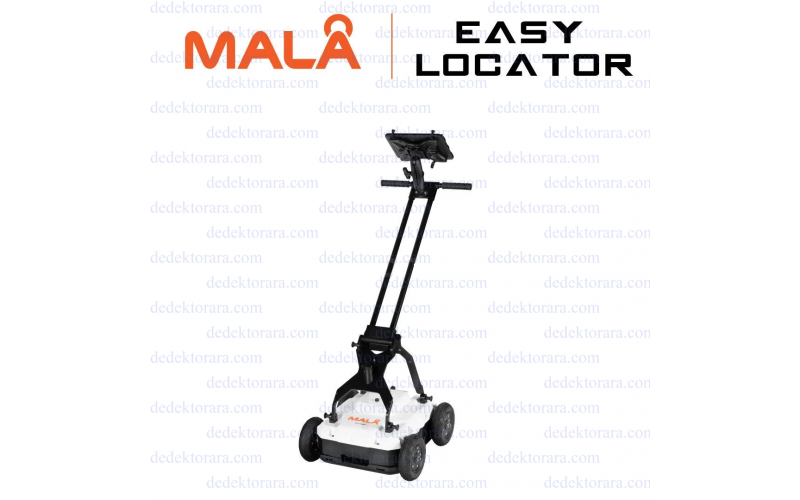 Mala Easy Locator Core Yer Altı Radarı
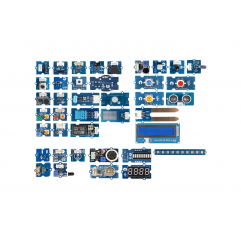 Grove Creator Kit - ? / 40 Module Arduino Starter Kit Grove 19011229 SeeedStudio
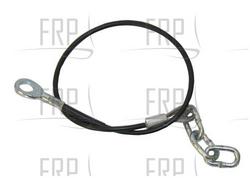 Cable Assembly, 23" - Product Image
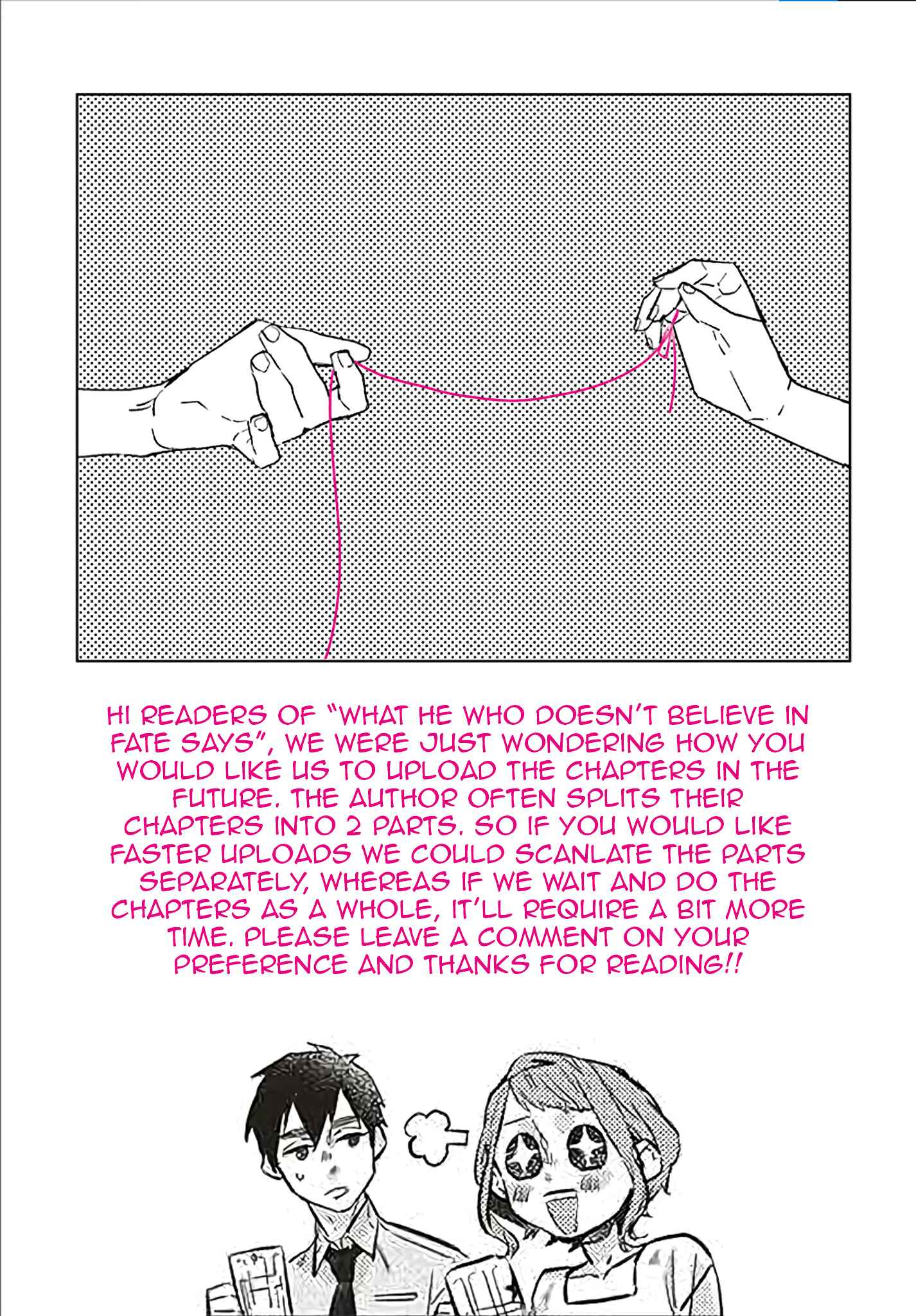 Page 25 Chapter 4 What He Who Doesnt Believe in Fate Says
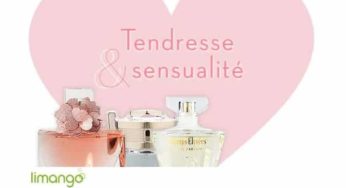 Parfums pas chers en vente privée (jusqu’à -80%) sur Limango !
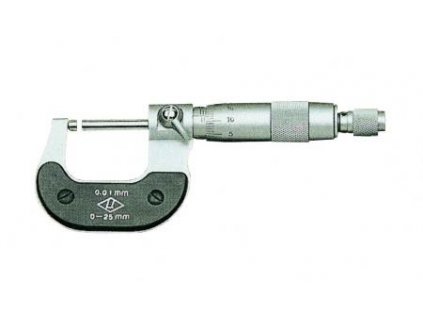 Proma Mikrometr 25 (0 - 25 mm)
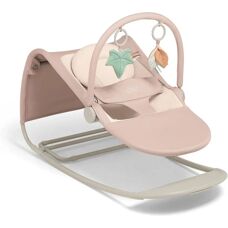Mamas and Papas Tempo 3-In-1 Rocker And Bouncer in Blush - Rocker and Bouncer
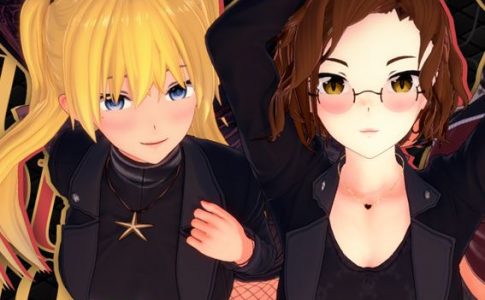 Devilicious Adult Game Cover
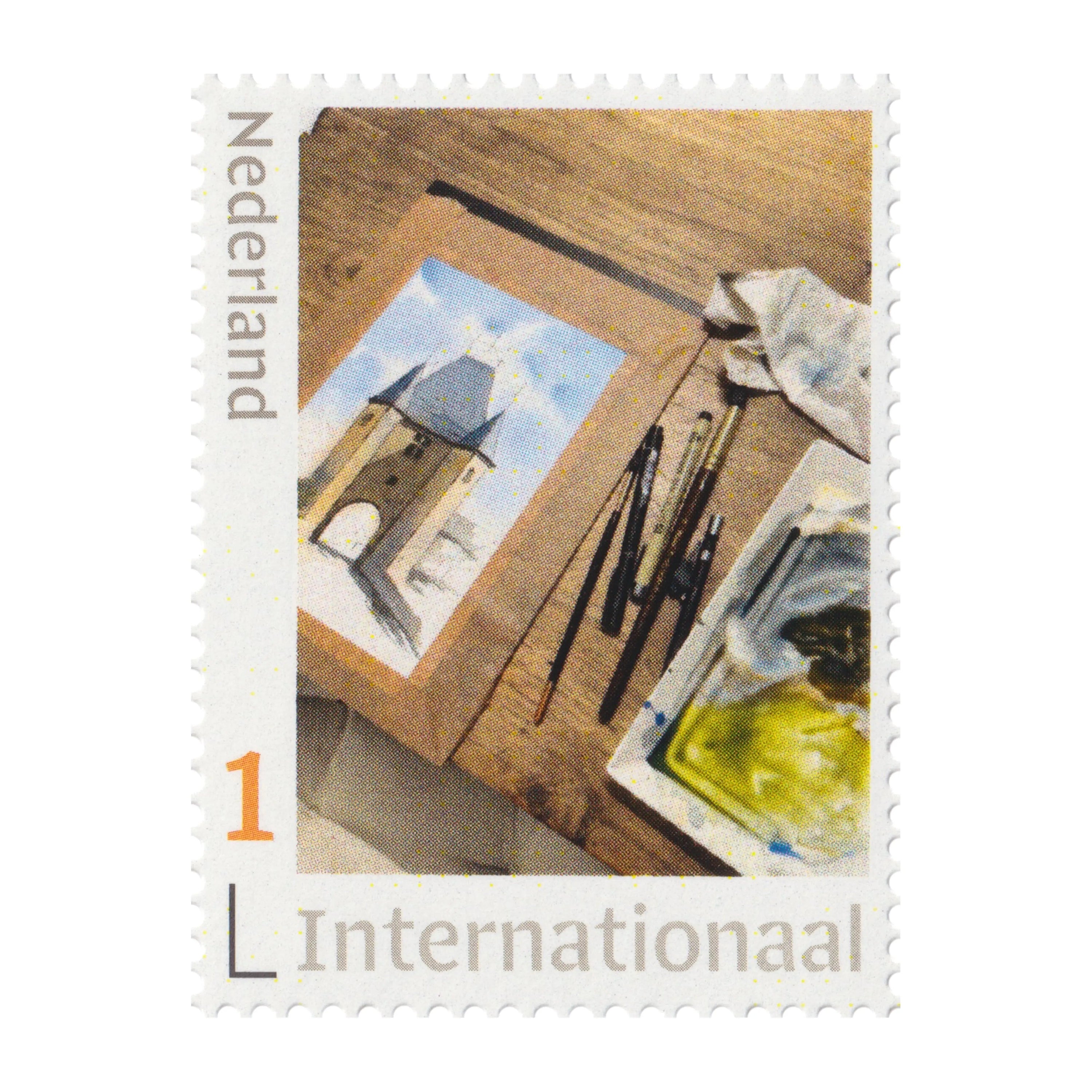 13.10 - 19.10, postage stamps PostNL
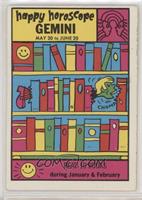 Gemini [Good to VG‑EX]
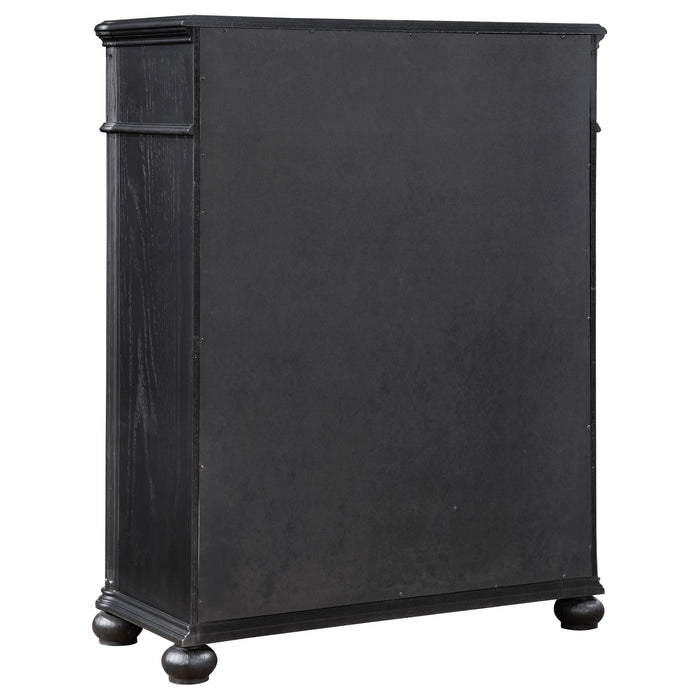 Celina 4 & 5 Piece Bedroom Set King & Queen - Casa Morelos / Coahuila Furniture (Oklahoma City, OK)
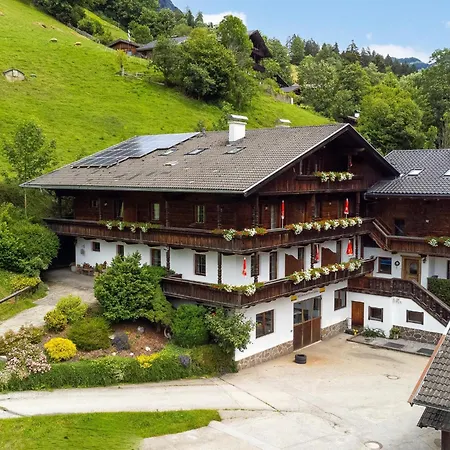 Zellner 4 Apartman Alpbach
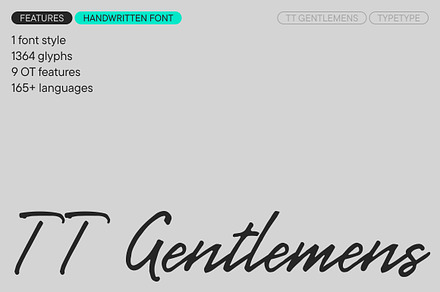 TT Gentlemens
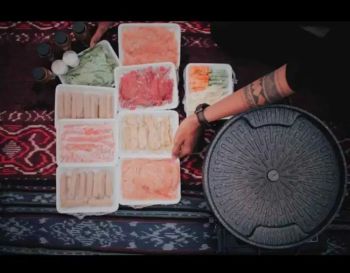 Villa disewakan harian (Griya Alisha) Free jagung bakar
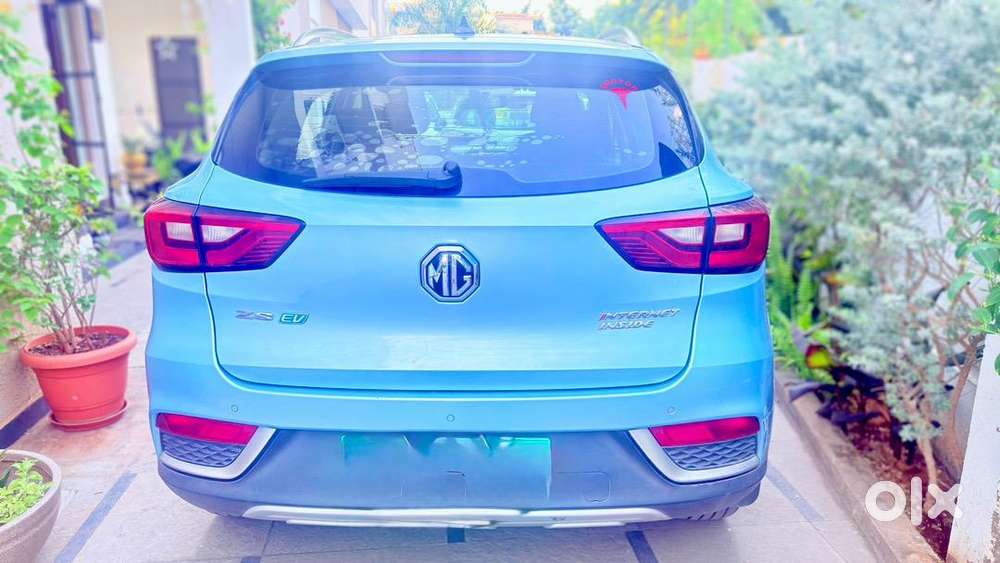 Mg Electric Car 2021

###

Task objective:
Reproduce each entry verbatim, excluding any embedded images.

Expected answer:
 Mala Easy Locator Core Yer Altı Radarı
 Grove Creator Kit - ? / 40 Module Arduino Starter Kit Grove 19011229 SeeedStudio
 Cable Assembly, 23" - Product Image
 Page 25 Chapter 4 What He Who Doesnt Believe in Fate Says
 Parfums pas chers en vente privée (jusqu’à -80%) sur Limango !
 Proma Mikrometr 25 (0 - 25 mm)
Mamas and Papas Tempo 3-In-1 Rocker And Bouncer in Blush - Rocker and Bouncer
 Devilicious Adult Game Cover
 13.10 - 19.10, postage stamps PostNL
 Gemini [Good to VG‑EX]
 Celina 4 & 5 Piece Bedroom Set King & Queen - Casa Morelos / Coahuila Furniture (Oklahoma City, OK)
 Zellner 4 Apartman Alpbach
 TT Gentlemens
 Villa disewakan harian (Griya Alisha) Free jagung bakar
 Mg Electric Car 2021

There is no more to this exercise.